The transradial approach, while offering significant advantages, also has the Achilles’ heel of RAO, which the femoral approach does not possess. To address this gap, DRA was received with great enthusiasm. In theory, the RAO rate associated with DRA is much lower, primarily due to the puncture being performed distal to the superficial palmar arch, which would perfuse the artery in case of trauma at the puncture level, preventing RAO [3, 4]. In practice, however, the randomized controlled DISCO RADIAL trial comparing proximal radial access vs. DRA did not demonstrate a significant difference, as long as hemostasis was conducted correctly—that is, with a “patent” hemostasis, not aggressive, leaving flow in the artery and a hemostasis band/dressing that was progressively decompressed from hour to hour [5]. While initially negative (and somewhat disappointing), this study prompted a necessary discussion on factors beyond patient anatomy, focusing on operator technique and post-care protocols. Addressing this, Chen et al. took the analysis to the next level, introducing radial ultrasound (US) examination as an indispensable step for DRA [6]. This was conducted by the same remarkable Chinese team in another large study of over 800 patients who underwent US examination both before and after the procedure, in search for predictors of RAO (distal RAO in their case). The findings unequivocally demonstrate that small arteries coupled with large catheters increase the risk of distal RAO (a DRA inner diameter/sheath outer diameter < 1 was an independent risk factor for occlusion) [6]. Systematic US should be then performed before the puncture to decide if the artery is technically suitable for intervention [7]. Additional factors potentially contributing to the disparate outcomes between the CONDITION and DISCO trials include a more uniform puncture approach in the Chinese study (conducted at a single center with five operators only), with a possibly more standardized hemostasis protocol (in the DISCO trial the hemostasis was managed “per hospital practice,” whereas in the CONDITION trial, an elastic bandage was used and hourly loosened), and an extended follow-up period for the RAO endpoint (3 months in the CONDITION trial vs. assessment up to discharge in the DISCO trial) [1, 5].

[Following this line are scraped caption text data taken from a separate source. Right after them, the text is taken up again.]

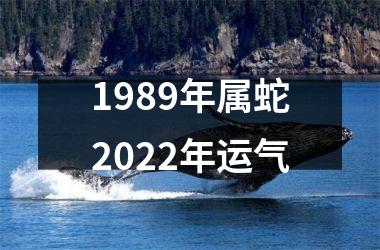 <h3>1989年属蛇2025年运气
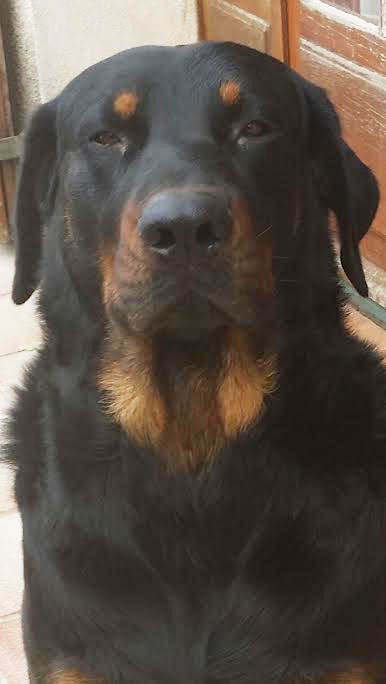 domainedelalicorne.fr photo chien beauceron photo chiot beauceron Elevage de beauceron chiot beauceron pure race élevage du clos de la licorne elevage des gardiens de la licorne elevage beauceron noir et feu authentique gros gabarits élevage de Beauceron familial sérieux et qualité domainedelalicorne.fr suivi des chiots conseil d’éducation chiot propre bas rouge santé caractère spécialiste du beauceron noir et feu ou arlequin chien rustique berger de France  nos chiots sont élevés avec amour et attention notre passion au service de la qualité Beauceron de qualité et sportif domaine de la licorne 04380 BARRAS élevage en liberté éleveur berger de beauce élevage de beauceron de travail 06 11 20 51 93 site domainedelalicorne.fr mail domainedelalicorne@gmail.com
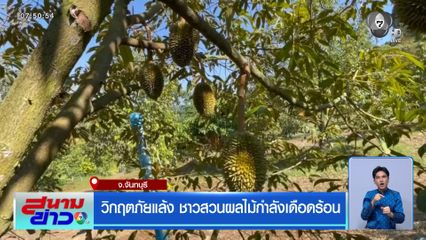 วิกฤตภัยแล้ง ชาวสวนผลไม้กำลังเดือดร้อน
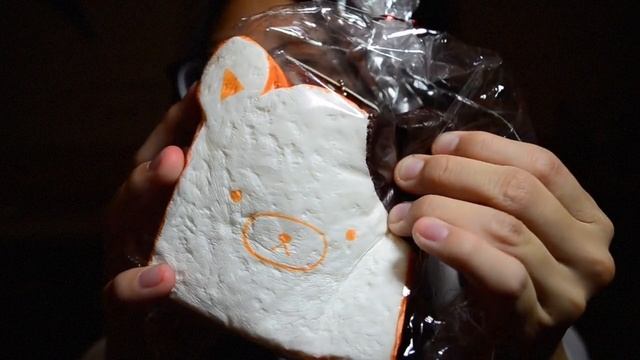 Squishies from Australia ! | Sunnymelons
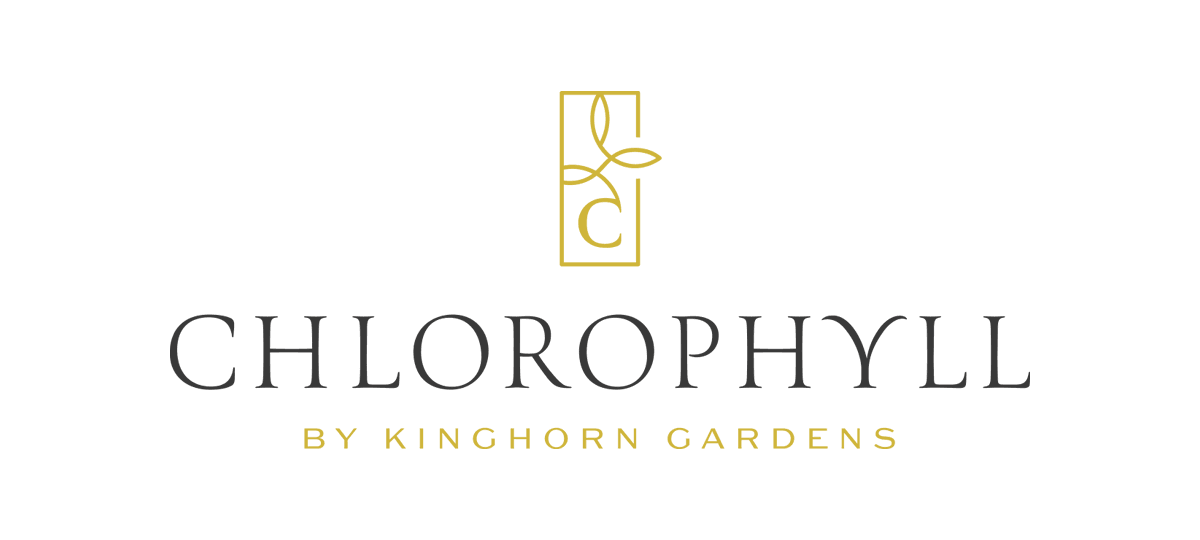 chlorophyll logo on white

Chen et al. demonstrated that the value of DRA is seen in the long run, over the course of several months, being the first randomized controlled trial that evaluated the long-term incidence of RAO [1]. Their findings revealed that the incidence of DRA-associated RAO was significantly lower compared to proximal transradial access after a period of 3 months (0.8% vs 3.3%, P = 0.02), and that two thirds of DRA-RAO at 24 h recanalized spontaneously at 3 months, while only 1 half of the occluded arteries following conventional radial access re-opened at 3 months follow-up [1]. The trial demonstrated another important aspect in the pathophysiology of RAO. It is that acute thrombotic RAO can undergo spontaneous recanalization, occurring at a rate of around 50–60% within 30 days (50% in TRA vs 68% in DRA) [1]. Notably, the design of CONDITION did not include intraprocedural US, i.e., US-guided (not palpation-guided) puncture, but other studies did, demonstrating proven benefits [8]. The versatility of DRA expands to larger sheaths as well (7–8 French) where inevitably the chance of RAO increases significantly and where US plays the role of screening a sufficiently sized artery diameter, while DRA’s anatomical characteristics may further mitigate RAO risk [9]. The DISCO Radial trial [5], while not providing specific data on US usage, indicates that many recruiting centers routinely incorporated US during radial puncture. It should also not be forgotten that RAO can be recanalized, and here, both DRA and US are independently extremely important [10].